**Requirement**
Nothing is needed except the lines below that run from the one with "南威My Blue Hotel Zanzibar的一位在游泳池里看着大海的女人" through the one with "Removing a Piece", repeated exactly.

**Data supplied**
BEGIN

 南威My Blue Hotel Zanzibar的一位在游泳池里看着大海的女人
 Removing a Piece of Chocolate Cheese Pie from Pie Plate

END
BEGIN

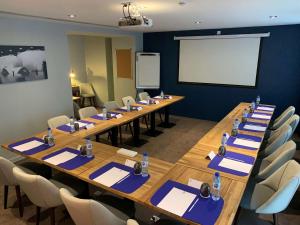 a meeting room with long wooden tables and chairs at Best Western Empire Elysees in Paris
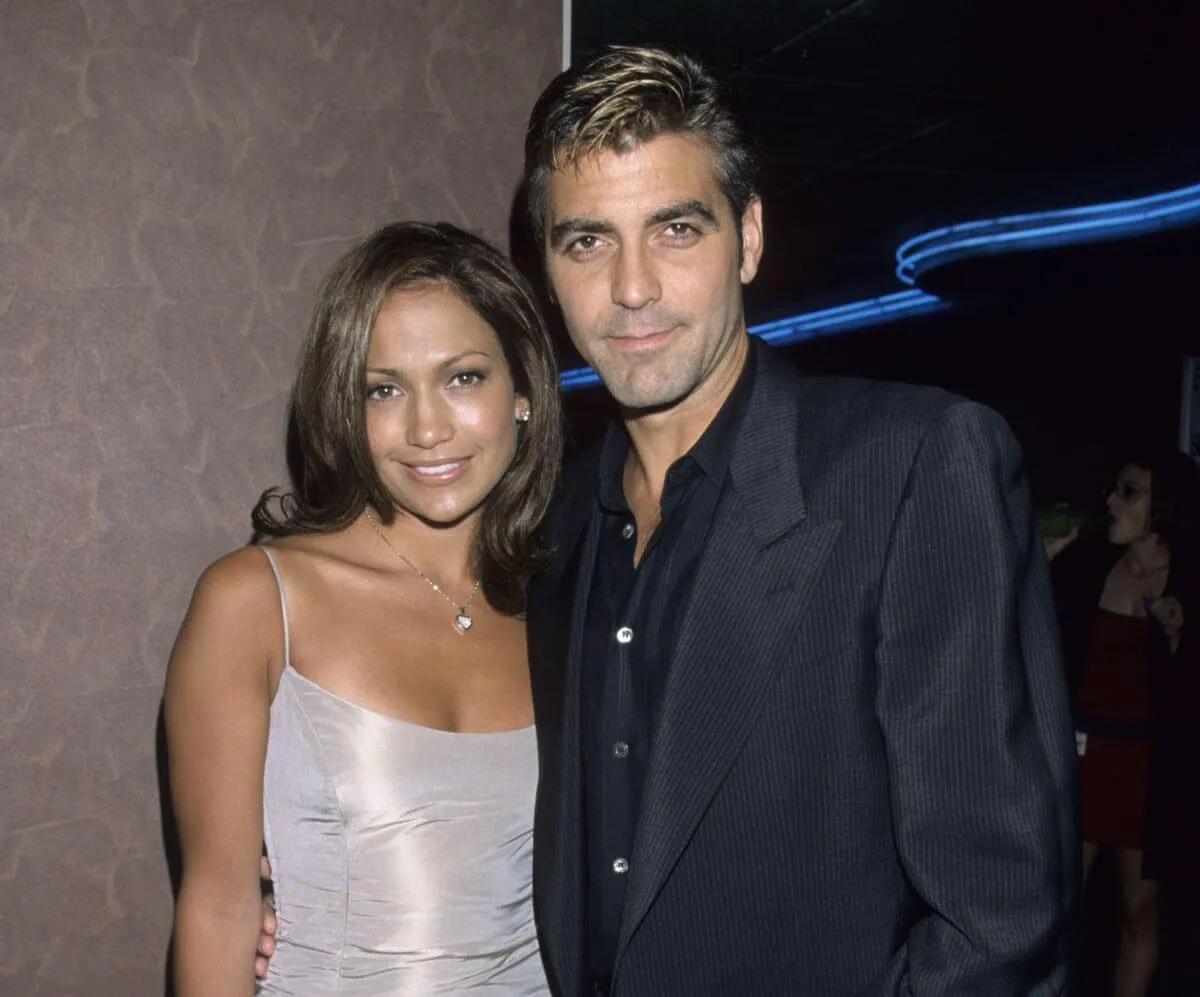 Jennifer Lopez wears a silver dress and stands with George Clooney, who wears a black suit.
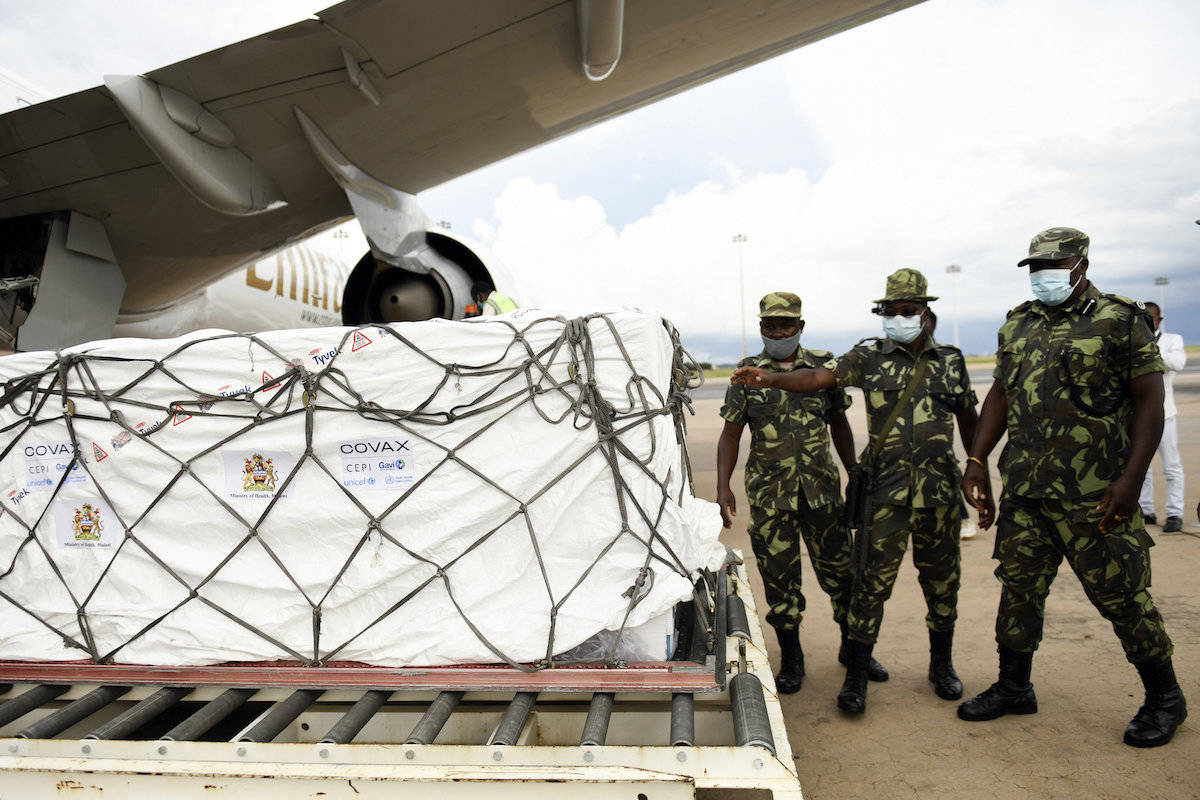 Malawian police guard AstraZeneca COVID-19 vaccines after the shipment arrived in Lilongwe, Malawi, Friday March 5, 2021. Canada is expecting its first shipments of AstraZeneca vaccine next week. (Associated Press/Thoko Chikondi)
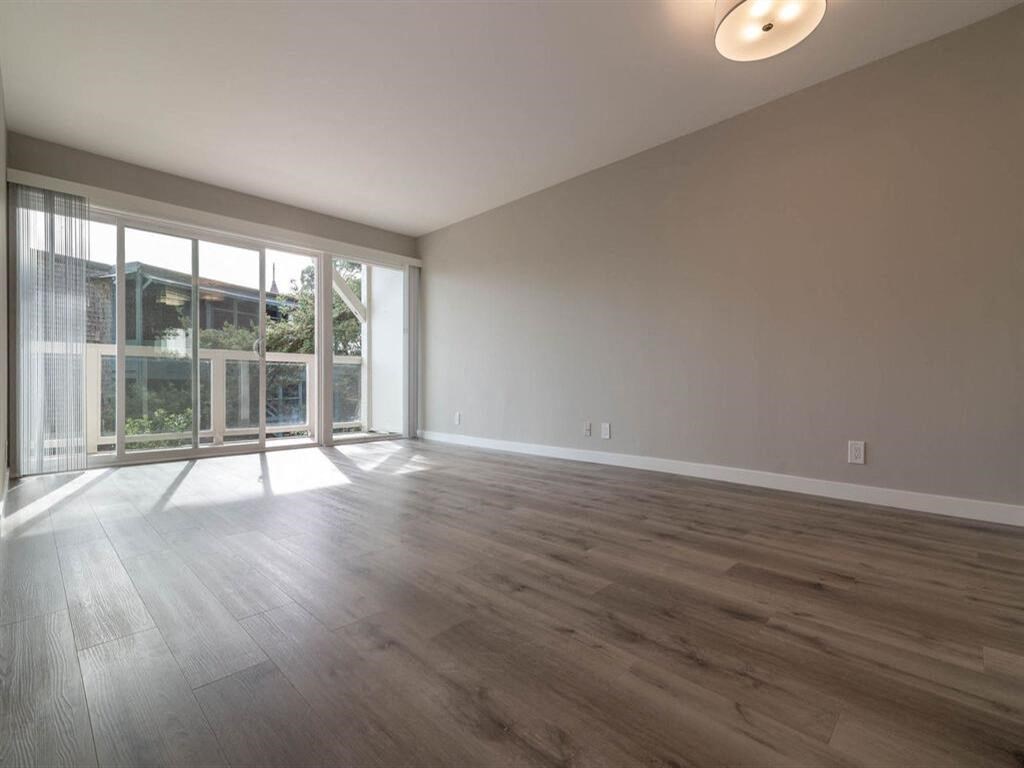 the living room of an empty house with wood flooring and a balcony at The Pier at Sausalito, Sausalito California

END

**Solution to this problem**
 南威My Blue Hotel Zanzibar的一位在游泳池里看着大海的女人
 Removing a Piece of Chocolate Cheese Pie from Pie Plate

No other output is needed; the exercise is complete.